WHAT TO DO » Copy out all of the entries exactly as they appear.

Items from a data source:
----------------------------------------

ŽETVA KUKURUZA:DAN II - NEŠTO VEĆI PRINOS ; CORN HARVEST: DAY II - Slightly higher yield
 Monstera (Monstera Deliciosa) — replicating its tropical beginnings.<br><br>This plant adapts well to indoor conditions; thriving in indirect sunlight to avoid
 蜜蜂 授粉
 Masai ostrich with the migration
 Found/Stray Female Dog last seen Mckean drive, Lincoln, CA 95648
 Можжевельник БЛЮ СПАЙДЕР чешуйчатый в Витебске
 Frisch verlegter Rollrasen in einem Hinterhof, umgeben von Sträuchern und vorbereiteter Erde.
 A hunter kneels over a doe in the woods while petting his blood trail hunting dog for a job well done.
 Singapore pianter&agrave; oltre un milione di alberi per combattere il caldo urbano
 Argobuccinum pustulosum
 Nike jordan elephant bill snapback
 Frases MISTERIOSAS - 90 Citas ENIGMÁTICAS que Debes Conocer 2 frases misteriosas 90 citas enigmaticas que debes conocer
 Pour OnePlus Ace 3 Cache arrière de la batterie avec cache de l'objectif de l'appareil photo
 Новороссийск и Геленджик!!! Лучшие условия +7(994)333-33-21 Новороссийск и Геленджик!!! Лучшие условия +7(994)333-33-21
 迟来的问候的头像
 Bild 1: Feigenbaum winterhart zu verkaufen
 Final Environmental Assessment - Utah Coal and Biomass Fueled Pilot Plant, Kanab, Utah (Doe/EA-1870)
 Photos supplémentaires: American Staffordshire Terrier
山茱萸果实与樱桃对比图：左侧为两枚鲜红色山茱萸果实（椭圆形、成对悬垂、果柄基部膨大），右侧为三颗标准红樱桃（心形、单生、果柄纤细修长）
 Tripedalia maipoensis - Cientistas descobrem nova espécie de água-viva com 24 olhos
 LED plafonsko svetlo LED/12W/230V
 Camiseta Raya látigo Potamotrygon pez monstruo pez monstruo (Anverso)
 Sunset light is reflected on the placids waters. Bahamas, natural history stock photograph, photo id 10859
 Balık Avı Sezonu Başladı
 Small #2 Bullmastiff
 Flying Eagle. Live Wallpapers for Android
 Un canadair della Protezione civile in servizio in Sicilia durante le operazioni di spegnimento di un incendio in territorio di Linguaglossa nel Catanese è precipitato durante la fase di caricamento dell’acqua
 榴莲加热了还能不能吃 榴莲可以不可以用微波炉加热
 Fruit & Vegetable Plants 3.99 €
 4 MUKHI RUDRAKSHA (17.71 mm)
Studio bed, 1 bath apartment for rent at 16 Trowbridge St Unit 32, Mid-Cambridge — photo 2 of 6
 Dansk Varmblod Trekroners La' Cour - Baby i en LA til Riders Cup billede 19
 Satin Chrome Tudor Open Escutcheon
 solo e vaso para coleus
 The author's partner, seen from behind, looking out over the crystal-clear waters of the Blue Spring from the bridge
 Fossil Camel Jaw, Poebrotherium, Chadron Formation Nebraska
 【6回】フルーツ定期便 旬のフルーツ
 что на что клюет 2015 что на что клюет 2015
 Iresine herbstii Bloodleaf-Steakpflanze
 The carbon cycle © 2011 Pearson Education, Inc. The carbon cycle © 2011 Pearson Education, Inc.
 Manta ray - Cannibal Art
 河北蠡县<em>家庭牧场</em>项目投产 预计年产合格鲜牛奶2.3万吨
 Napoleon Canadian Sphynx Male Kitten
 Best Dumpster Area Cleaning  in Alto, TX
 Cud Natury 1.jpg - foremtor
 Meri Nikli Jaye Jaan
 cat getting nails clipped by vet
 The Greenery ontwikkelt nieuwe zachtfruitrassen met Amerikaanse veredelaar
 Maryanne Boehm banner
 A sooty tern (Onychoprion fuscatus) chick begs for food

----------------------------------------

SOLUTION TO THE PROBLEM »
ŽETVA KUKURUZA:DAN II - NEŠTO VEĆI PRINOS ; CORN HARVEST: DAY II - Slightly higher yield
 Monstera (Monstera Deliciosa) — replicating its tropical beginnings.<br><br>This plant adapts well to indoor conditions; thriving in indirect sunlight to avoid
 蜜蜂 授粉
 Masai ostrich with the migration
 Found/Stray Female Dog last seen Mckean drive, Lincoln, CA 95648
 Можжевельник БЛЮ СПАЙДЕР чешуйчатый в Витебске
 Frisch verlegter Rollrasen in einem Hinterhof, umgeben von Sträuchern und vorbereiteter Erde.
 A hunter kneels over a doe in the woods while petting his blood trail hunting dog for a job well done.
 Singapore pianter&agrave; oltre un milione di alberi per combattere il caldo urbano
 Argobuccinum pustulosum
 Nike jordan elephant bill snapback
 Frases MISTERIOSAS - 90 Citas ENIGMÁTICAS que Debes Conocer 2 frases misteriosas 90 citas enigmaticas que debes conocer
 Pour OnePlus Ace 3 Cache arrière de la batterie avec cache de l'objectif de l'appareil photo
 Новороссийск и Геленджик!!! Лучшие условия +7(994)333-33-21 Новороссийск и Геленджик!!! Лучшие условия +7(994)333-33-21
 迟来的问候的头像
 Bild 1: Feigenbaum winterhart zu verkaufen
 Final Environmental Assessment - Utah Coal and Biomass Fueled Pilot Plant, Kanab, Utah (Doe/EA-1870)
 Photos supplémentaires: American Staffordshire Terrier
山茱萸果实与樱桃对比图：左侧为两枚鲜红色山茱萸果实（椭圆形、成对悬垂、果柄基部膨大），右侧为三颗标准红樱桃（心形、单生、果柄纤细修长）
 Tripedalia maipoensis - Cientistas descobrem nova espécie de água-viva com 24 olhos
 LED plafonsko svetlo LED/12W/230V
 Camiseta Raya látigo Potamotrygon pez monstruo pez monstruo (Anverso)
 Sunset light is reflected on the placids waters. Bahamas, natural history stock photograph, photo id 10859
 Balık Avı Sezonu Başladı
 Small #2 Bullmastiff
 Flying Eagle. Live Wallpapers for Android
 Un canadair della Protezione civile in servizio in Sicilia durante le operazioni di spegnimento di un incendio in territorio di Linguaglossa nel Catanese è precipitato durante la fase di caricamento dell’acqua
 榴莲加热了还能不能吃 榴莲可以不可以用微波炉加热
 Fruit & Vegetable Plants 3.99 €
 4 MUKHI RUDRAKSHA (17.71 mm)
Studio bed, 1 bath apartment for rent at 16 Trowbridge St Unit 32, Mid-Cambridge — photo 2 of 6
 Dansk Varmblod Trekroners La' Cour - Baby i en LA til Riders Cup billede 19
 Satin Chrome Tudor Open Escutcheon
 solo e vaso para coleus
 The author's partner, seen from behind, looking out over the crystal-clear waters of the Blue Spring from the bridge
 Fossil Camel Jaw, Poebrotherium, Chadron Formation Nebraska
 【6回】フルーツ定期便 旬のフルーツ
 что на что клюет 2015 что на что клюет 2015
 Iresine herbstii Bloodleaf-Steakpflanze
 The carbon cycle © 2011 Pearson Education, Inc. The carbon cycle © 2011 Pearson Education, Inc.
 Manta ray - Cannibal Art
 河北蠡县<em>家庭牧场</em>项目投产 预计年产合格鲜牛奶2.3万吨
 Napoleon Canadian Sphynx Male Kitten
 Best Dumpster Area Cleaning  in Alto, TX
 Cud Natury 1.jpg - foremtor
 Meri Nikli Jaye Jaan
 cat getting nails clipped by vet
 The Greenery ontwikkelt nieuwe zachtfruitrassen met Amerikaanse veredelaar
 Maryanne Boehm banner
 A sooty tern (Onychoprion fuscatus) chick begs for food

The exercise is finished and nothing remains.